The framework will also be extended through automatic classification evolution, enabling the system to detect new SQL patterns and integrate new features without human intervention.
Conclusions
This work presents a comprehensive LLM-based framework for automating Oracle-to-PostgreSQL code migration. The solution integrates dataset engineering, feature-aware static analysis, retrieval-augmented generation, fine-tuning and robust evaluation into an iterative workflow.
Three pipelines were developed: a baseline Conversion pipeline, a History-aware pipeline maintaining sequential context and two RAG pipelines (Strategy A/B) with different knowledge base structures. Across Qwen and GPT model families, LLM systems significantly outperformed the traditional Ora2PG tool.
A scalable evaluation framework assesses quality via NLP metrics (Recall, BLEU, ChrF), syntax inspection, chunk correctness and retrieval accuracy, with results logged in MLflow.

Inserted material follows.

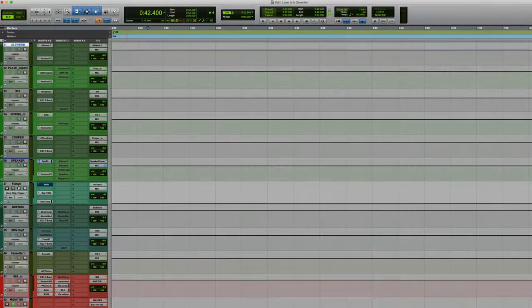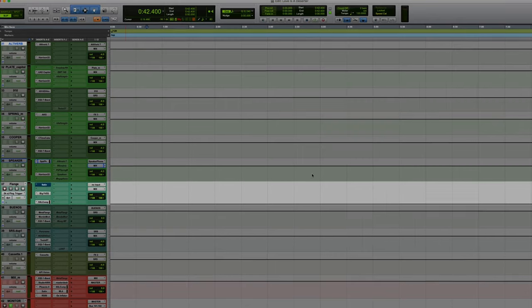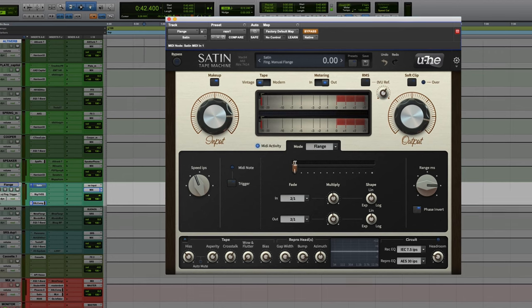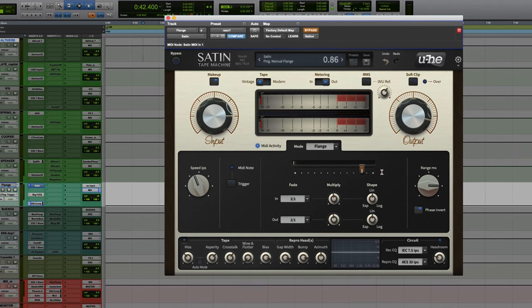This is in case I want to flange something — I've got the satin ready to go on a kind of my own little flange setup, and I can automate this manual flange, move it about, and flange the track.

Fine-tuned models, particularly Qwen32B-ft2, achieved the lowest syntax errors and highest file-conversion efficiency.
Feature distribution analysis via HCFPE shows fine-tuned models align with PostgreSQL feature expectations, unlike rule-based Ora2PG. A GAP-based dataset estimation mechanism identifies underrepresented features for targeted dataset growth and SME involvement.

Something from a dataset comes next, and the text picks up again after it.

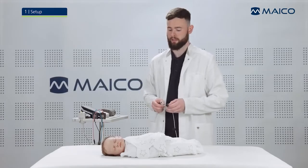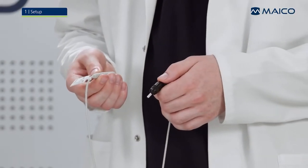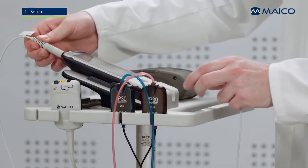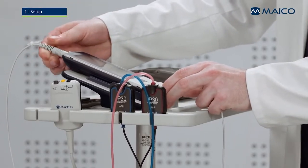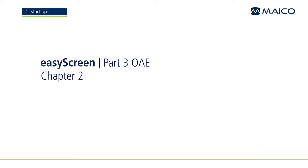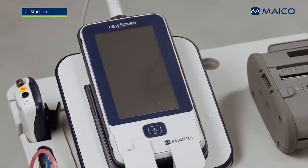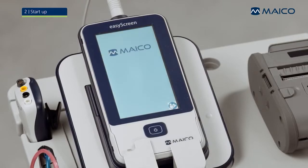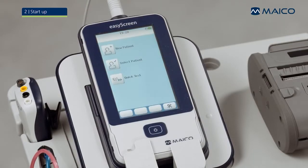The OAE Probe has to be connected to the EasyScreen. Search for the dot on the connector and push the plug straight into the socket. Press the home button on the EasyScreen once and wait until the home screen is displayed. Now the EasyScreen is ready to go.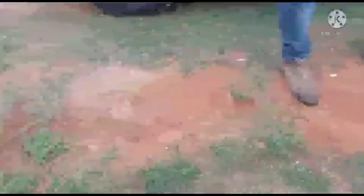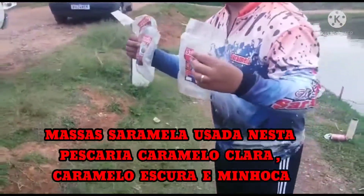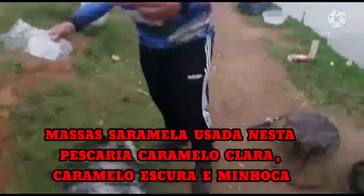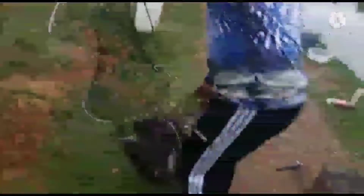Cadê dele? Pega os pacotinhos. Já faz a propaganda. Tá aí galera — pegando no rancho também, beleza? Caramelo, massa. Caramelo claro, escuro e minhoca, um pacotinho de cada. Convido o pessoal pra vir aí, Fábio, que tá moendo esse chulapia. Bora pescar no rancho aí. Só chulapia de qualidade, galera.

Economic analysis reveals substantial benefits: ~27,000/100,000 files successfully migrated vs Ora2PG, equivalent to months of manual effort saved after one fine-tuning iteration.
This framework delivers a scientific, scalable and economically viable approach for enterprise database modernization using LLMs.
FAQs
What are the most significant challenges in large-scale code migrations between platforms like Oracle and PostgreSQL?

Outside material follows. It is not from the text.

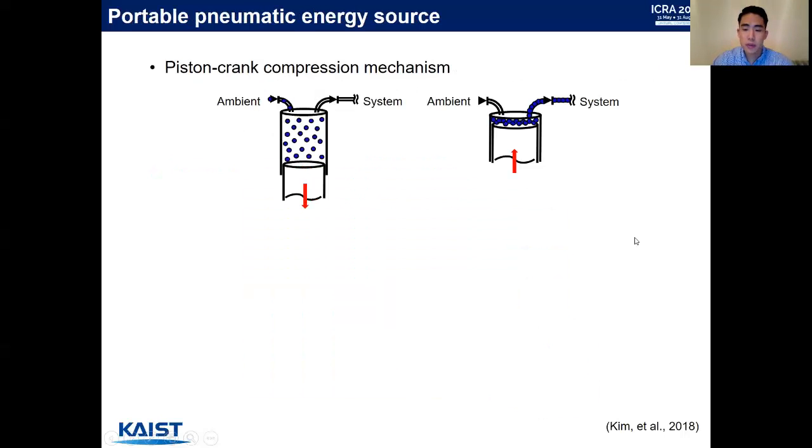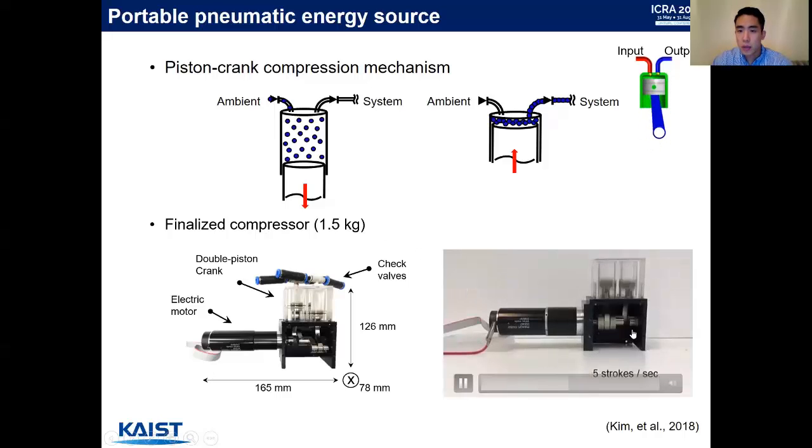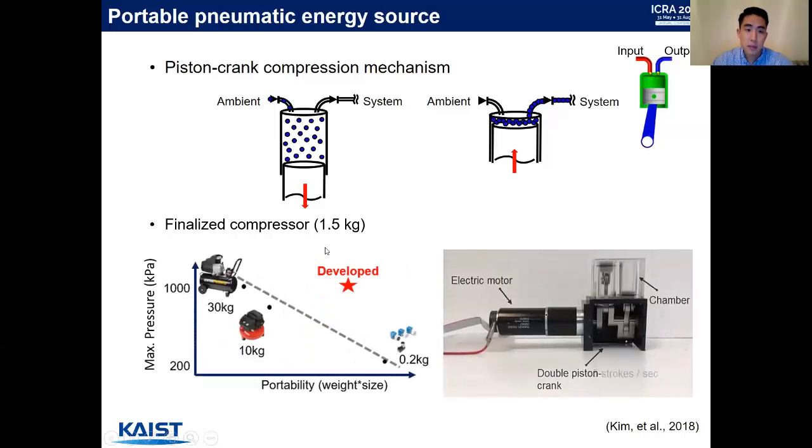Based on our previous study, we developed a portable pneumatic energy source based on a piston-crank compression mechanism. The basic working principle is: when the piston head goes down, vacuum within the cylinder leads ambient air to flow into the cylinder; when the piston head goes back up, the air is compressed and sent to the system. Our finalized compressor is approximately 1.5 kilograms. We use a double piston-crank mechanism to double the compression rate, giving the system a maximum pressure comparable to large compressors, but in a much more portable form.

Large-scale code migrations require careful coordination, management of legacy systems and translation of business logic embedded in SQL and procedural code. Key challenges include data integrity, code translation fidelity, compatibility between framework versions and handling tightly coupled dependencies. These obstacles are compounded in complex migrations, where ensuring code quality and maintaining system performance across distributed systems is critical.
How does the migration process ensure data integrity and minimize security risks when transforming code from one environment to another?
A robust migration strategy uses automated tools and best practices such as unit tests, iterative validation and feedback loops to reduce risks like data leakage and security vulnerabilities. The process checks for correctness and reliability by running comprehensive migration tasks and adopting careful planning and resource management, safeguarding both data and business logic throughout software code transformation.
What best practices should developers follow when managing code migration tasks for legacy code and distributed systems?
Managing code migration efficiently involves using the right tools for code translation, chunking large procedures, maintaining coding standards and focusing on error-prone segments. Developers should use evolved frameworks for continuous testing, version upgrades and memory usage optimization and always update their approach based on lessons from previous migrations.